Which compiler is right according to the standard? (I'm compiling with -std=c++14.) How should I change the code to make it correct?

Solution

  • Consider this simplified code:

    #include <iostream>

struct A
{
    template <int n = 1> void foo() { std::cout << n; }
};

struct B : public A
{
    using A::foo;
    template <int n = 2> void foo() { std::cout << n; }
};

int main()
{
    B obj;
    obj.foo();
}

    This prints 2 as it should with both compilers.

    If the derived class already has one with the same signature, then it hides or overrides the one brought in by the using declaration. The signatures of your assignment operators are ostensibly the same. Consider this fragment:

    template <typename U, 
          typename = std::enable_if_t<std::is_fundamental<U>::value>>
void bar(U) {}
template <typename U, 
          typename = std::enable_if_t<!std::is_fundamental<U>::value>>
void bar(U) {}

    This causes a redefinition error for bar with both compilers.

    HOWEVER if one changes the return type in one of the templates, the error goes away!

    It's time to look at the standard closely.

    When a using-declarator brings declarations from a base class into a derived class, member functions and member function templates in the derived class override and/or hide member functions and member function templates with the same name, parameter-type-list (11.3.5), cv-qualification, and ref-qualifier (if any) in a base class (rather than conflicting). Such hidden or overridden declarations are excluded from the set of declarations introduced by the using-declarator

    Now this sounds dubious as far as templates are concerned. How could one even compare two parameter type lists without comparing template parameter lists? The former depends on the latter. Indeed, a paragraph above says:

    If a function declaration in namespace scope or block scope has the same name and the same parameter-type-list (11.3.5) as a function introduced by a using-declaration, and the declarations do not declare the same function, the program is ill-formed. If a function template declaration in namespace scope has the same name, parameter-type-list, return type, and template parameter list as a function template introduced by a using-declaration, the program is ill-formed.

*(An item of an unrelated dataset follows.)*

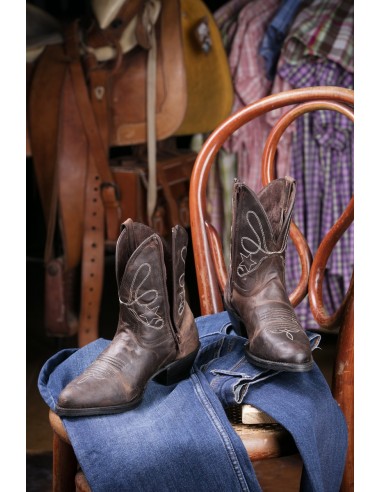 STELLA ZIP BLACK COWHIDE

    This makes much more sense. Two templates are the same if their template parameter lists are the same, along with everything else... but wait, this includes the return type! Two templates are the same if their names and everything in their signatures, including the return types (but not including default parameter values) is the same. Then one can conflict with or hide the other.

    So what happens if we change the return type of the assignment operator in B and make it the same as in A? GCC stops accepting the code.

    So my conclusion is this:

    1. The standard is unclear when it comes to templates hiding other templates brought by using declarations. If it meant to exclude template parameters from comparison, it should have said so, and clarify the possible implications. For example, can a function hide a function template, or vise versa? In any case there's an unexplained inconsistency in the standard language between using in namespace scope and using that brings base class names to the derived class.
    2. GCC seems to take the rule for using in namespace scope and apply it in the context of base/derived class.
    3. Other compilers do something else. It is not too clear what exactly; possibly compare the parameter type lists without considering the template parameters (or return types), as the letter of the standard says, but I'm not sure this makes any sense.